Rapidement identifiés, tous seront interpellés par les gendarmes dans les jours qui suivront. Initialement ouverte pour tentative d'assassinat en bande d'organisée, l'affaire sera finalement requalifiée en violences avec arme, tentative de dégradation, association de malfaiteurs et transport d'arme. Mais le fusil ne sera jamais retrouvé, malgré les fouilles menées par les plongeurs dans la darse du Port-Ouest, où les assaillants prétendent l’avoir jetée.
"C’est une des zones d’ombres de cette affaire" souligne la procureure Tiphaine Gastineau, soulignant "un contexte inquiétant de vengeance privée, avec une réponse disproportionnée et le risque de s’en prendre aux mauvaises personnes."

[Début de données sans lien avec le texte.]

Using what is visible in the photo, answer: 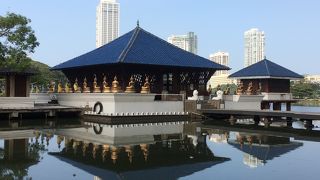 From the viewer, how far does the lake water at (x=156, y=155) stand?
10.0 metres

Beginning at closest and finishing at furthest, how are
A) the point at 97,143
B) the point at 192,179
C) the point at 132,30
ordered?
the point at 192,179, the point at 97,143, the point at 132,30

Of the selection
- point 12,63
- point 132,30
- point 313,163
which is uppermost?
point 132,30

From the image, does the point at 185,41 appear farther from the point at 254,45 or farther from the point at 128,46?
the point at 128,46

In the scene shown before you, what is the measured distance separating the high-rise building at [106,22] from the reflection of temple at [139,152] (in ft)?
284

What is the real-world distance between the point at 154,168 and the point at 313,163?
467cm

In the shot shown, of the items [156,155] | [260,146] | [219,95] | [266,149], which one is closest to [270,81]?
[219,95]

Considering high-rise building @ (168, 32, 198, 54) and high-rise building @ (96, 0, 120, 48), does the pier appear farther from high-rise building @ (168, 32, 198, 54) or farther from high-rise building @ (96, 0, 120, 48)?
high-rise building @ (168, 32, 198, 54)

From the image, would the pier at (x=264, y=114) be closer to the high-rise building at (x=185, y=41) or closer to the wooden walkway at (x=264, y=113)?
the wooden walkway at (x=264, y=113)

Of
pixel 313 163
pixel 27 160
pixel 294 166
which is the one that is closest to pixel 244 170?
pixel 294 166

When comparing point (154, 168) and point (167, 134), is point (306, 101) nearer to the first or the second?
point (167, 134)

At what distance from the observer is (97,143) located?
50.1ft

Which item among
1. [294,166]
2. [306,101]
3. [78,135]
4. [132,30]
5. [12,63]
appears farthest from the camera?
[306,101]

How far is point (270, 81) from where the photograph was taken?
36.3 meters

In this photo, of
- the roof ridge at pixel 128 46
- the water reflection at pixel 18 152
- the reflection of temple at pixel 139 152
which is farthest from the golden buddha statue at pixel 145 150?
the roof ridge at pixel 128 46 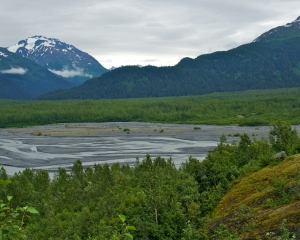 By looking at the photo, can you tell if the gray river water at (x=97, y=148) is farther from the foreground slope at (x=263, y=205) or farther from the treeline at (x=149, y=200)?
the foreground slope at (x=263, y=205)

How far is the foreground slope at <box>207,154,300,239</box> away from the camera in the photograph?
18.3 m

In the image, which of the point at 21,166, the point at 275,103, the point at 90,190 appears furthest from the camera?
the point at 275,103

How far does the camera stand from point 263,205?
21266 mm

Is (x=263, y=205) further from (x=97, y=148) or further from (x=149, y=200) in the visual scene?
(x=97, y=148)

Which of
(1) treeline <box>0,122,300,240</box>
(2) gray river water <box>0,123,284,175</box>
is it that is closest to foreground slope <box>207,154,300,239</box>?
(1) treeline <box>0,122,300,240</box>

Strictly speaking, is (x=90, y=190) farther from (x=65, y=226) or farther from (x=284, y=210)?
(x=284, y=210)

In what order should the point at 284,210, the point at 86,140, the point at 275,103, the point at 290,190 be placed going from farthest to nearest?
the point at 275,103
the point at 86,140
the point at 290,190
the point at 284,210

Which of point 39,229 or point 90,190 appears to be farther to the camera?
point 90,190

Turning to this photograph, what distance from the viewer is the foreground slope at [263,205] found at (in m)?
18.3

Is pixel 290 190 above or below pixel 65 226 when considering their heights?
above

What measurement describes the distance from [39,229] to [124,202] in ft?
23.7

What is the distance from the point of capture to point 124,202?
86.3ft

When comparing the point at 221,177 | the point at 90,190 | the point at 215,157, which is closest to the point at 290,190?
the point at 221,177

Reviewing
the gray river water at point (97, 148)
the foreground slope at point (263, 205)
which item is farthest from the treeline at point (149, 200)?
the gray river water at point (97, 148) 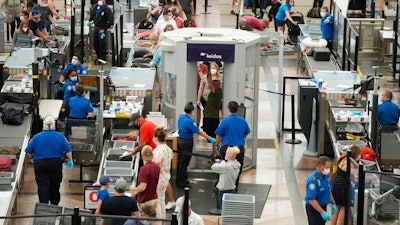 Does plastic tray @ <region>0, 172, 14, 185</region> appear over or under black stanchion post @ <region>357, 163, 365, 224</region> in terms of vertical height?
under

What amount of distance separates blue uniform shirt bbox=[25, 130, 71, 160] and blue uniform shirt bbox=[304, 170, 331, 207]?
4035 mm

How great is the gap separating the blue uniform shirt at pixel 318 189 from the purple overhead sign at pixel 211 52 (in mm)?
4691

Contre les trois prévenus à la barre, elle réclame des peines entre trois et cinq ans de prison, dont une partie avec sursis probatoire. Les deux autres jeunes présents lors de l’expédition avaient déjà été condamnés en plaider coupable à des peines avec sursis probatoire.
Peu avant, Me Anissa Settama avait fustigé pour la partie civile "un plan préparé, concerté, pour aller donner une bonne leçon. Ils avaient tout prévu, y compris que ça dégénère."
"Un dérapage"
"Malgré la fureur de cette journée, les conséquences sont très limitées" tempère Me Jean-Jacques Morel en défense. "Il faut rappeler qu’il y a eu provocation, que mon client s’est fait rosser durant l’après-midi et qu’il a réagi dans la colère et l’affolement", plaide-t-il pour Florian Lestal.
"Le projet, c’était de brûler une voiture, pas de faire du mal à quelqu’un", rebondit le bâtonnier Georges-André Hoarau en défense de Johan Sadzoute-Imangue. "Oui, il a 22 condamnations au casier, mais plus rien depuis 14 ans. Cette expédition punitive, c’était un dérapage."
Florian Liestal et Johan Sazoute-Imangue sont malgré tout condamnés à la même peine de quatre ans de prison dont un avec sursis probatoire, avec maintien en détention. Le troisième larron, moins impliqué, écope de deux ans de prison dont un avec sursis probatoire, aménageables sous bracelet électronique.